ForceTLS is the culmination of all our work on secure email. It is a very simple answer to "My email has to be secure."

Its premise is simple: do testing on an email as it is sent. And if anything is wrong, don't send it and let someone know.

Why Is ForceTLS Important?

The larger, more redundant, and more fail-safe an email system is, the more moving parts it has, and the more chances there are for small failures. These failures tend to impact security first: the mail gets through but it gets through in plain text. This can be illegal, against policy, and/or result in an embarrassing public relations gaff.

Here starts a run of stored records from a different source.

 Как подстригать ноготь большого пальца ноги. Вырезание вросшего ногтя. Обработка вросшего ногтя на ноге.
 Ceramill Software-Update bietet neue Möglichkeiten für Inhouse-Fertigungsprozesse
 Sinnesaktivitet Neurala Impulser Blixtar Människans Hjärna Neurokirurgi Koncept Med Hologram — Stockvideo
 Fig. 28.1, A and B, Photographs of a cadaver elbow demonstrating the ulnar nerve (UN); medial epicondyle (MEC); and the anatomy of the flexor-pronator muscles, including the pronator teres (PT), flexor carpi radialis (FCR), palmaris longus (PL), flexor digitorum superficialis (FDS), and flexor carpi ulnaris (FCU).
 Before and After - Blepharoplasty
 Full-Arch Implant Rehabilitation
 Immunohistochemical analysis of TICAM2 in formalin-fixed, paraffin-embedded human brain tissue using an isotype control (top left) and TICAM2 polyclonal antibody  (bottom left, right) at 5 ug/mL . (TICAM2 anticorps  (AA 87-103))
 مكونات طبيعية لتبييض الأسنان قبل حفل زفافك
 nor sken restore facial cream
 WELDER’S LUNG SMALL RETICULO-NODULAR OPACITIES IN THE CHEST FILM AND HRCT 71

Take a few of your trading partners, or just a few famous companies. Run the Receiver test on their email domain. How many score a perfect 100? How many score in the 90s, which typically indicates they have a minor issue with their certificate, but their email is still secure? How many, even if their total score is good, have a weak MX server in their mix? It is frightening how many domains do not score 90 or better for something so important as the security of the data they pass in email.

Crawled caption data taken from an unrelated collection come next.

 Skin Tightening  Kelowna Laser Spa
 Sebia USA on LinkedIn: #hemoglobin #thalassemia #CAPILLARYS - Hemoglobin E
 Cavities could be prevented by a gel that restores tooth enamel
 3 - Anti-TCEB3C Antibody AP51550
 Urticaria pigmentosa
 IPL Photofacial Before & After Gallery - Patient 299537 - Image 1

No matter how much an email system is tested, it could fail between the last test and the next email. The failure will result in either the mail not going or going insecurely. When an email system fails completely, people know about it right away. But when an email system just gets a little out of sync, it pushes the email through still, but it sends it in plain text. When this happens, it's likely no one will know about it for days. That's a lot of your precious data crossing the Internet as clear text. You need to make sure none fo that snoop-able email is yours.

What Does ForceTLS Do?

It does three things to make sure an email gets through securely. One, it tries every possible way to find a secure path to delivery the mail. Two, if it can't find a secure path, it can deliver the mail to an alternate mailbox. Three, it "hand carries" each email through whichever of the delivery methods it uses. And no matter what it does, it can let you and/or the recipient know about it.

ForceTLS is like the old telephone switchboard operators. To make a call, the caller picked up the phone and spoke to the operator. She then got the other party on another line. If everything worked, she plugged the caller and the callee together and dropped off the call.

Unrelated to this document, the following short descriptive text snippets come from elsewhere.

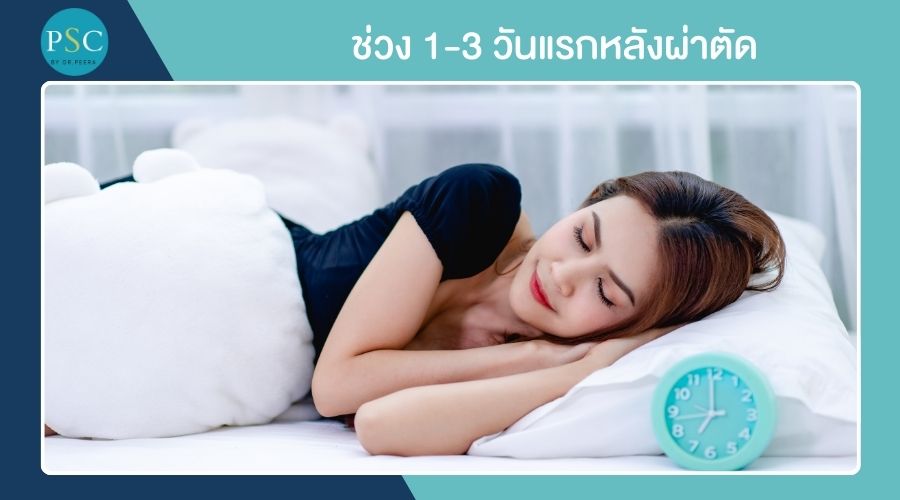 ช่วง 1-3 วันแรกหลังผ่าตัด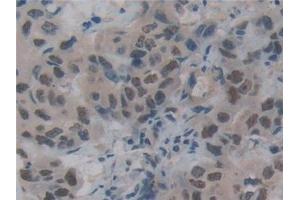 Detection of DFFa in Human Breast cancer Tissue using Polyclonal Antibody to DNA Fragmentation Factor Subunit Alpha (DFFa)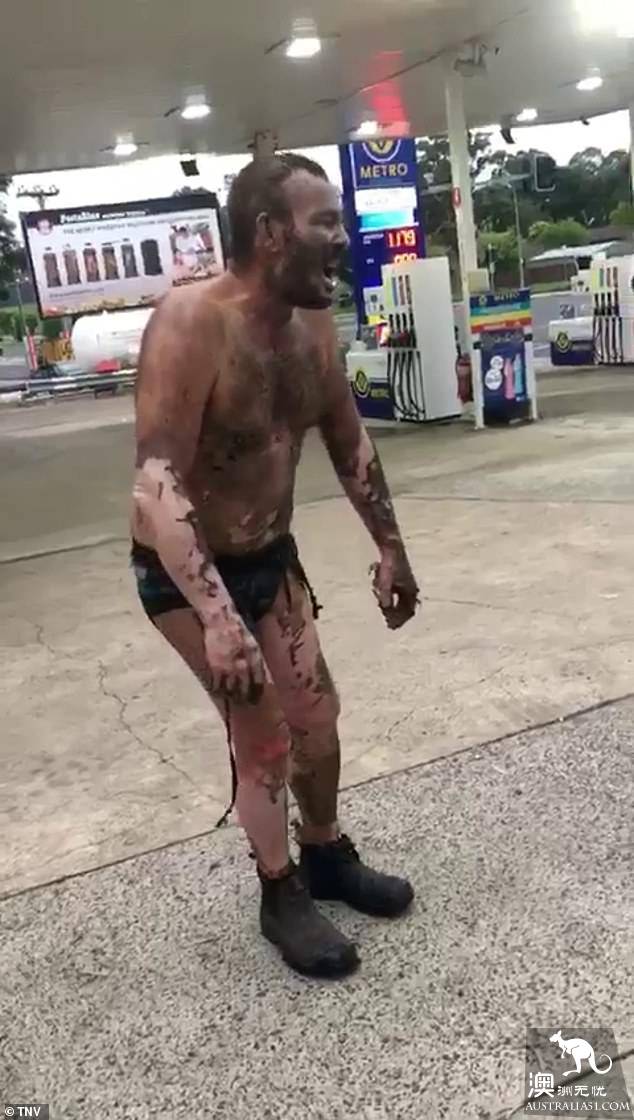 Sydney gas station appears to burn the man, burning all over the body is only underwea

To send an email with ForceTLS, the sender connects to ForceTLS. ForceTLS makes sure the sender is doing everything right (TLS, etc). It then connects to the receiver and makes sure it's doing everything right too. If everything is working, it plugs the sender and receiver together and drops off the connection.

If something goes wrong, ForceTLS is configurable to notify the sender, the receiver, or both. It can re-route the email (securely) to an alternate emailbox, and notify the recipient at their original email address. Or it can add failed emails to a work queue for someone to handle manually. Notifications can be configured for whatever ForceTLS does with an email, such as returning a secure delivery receipt.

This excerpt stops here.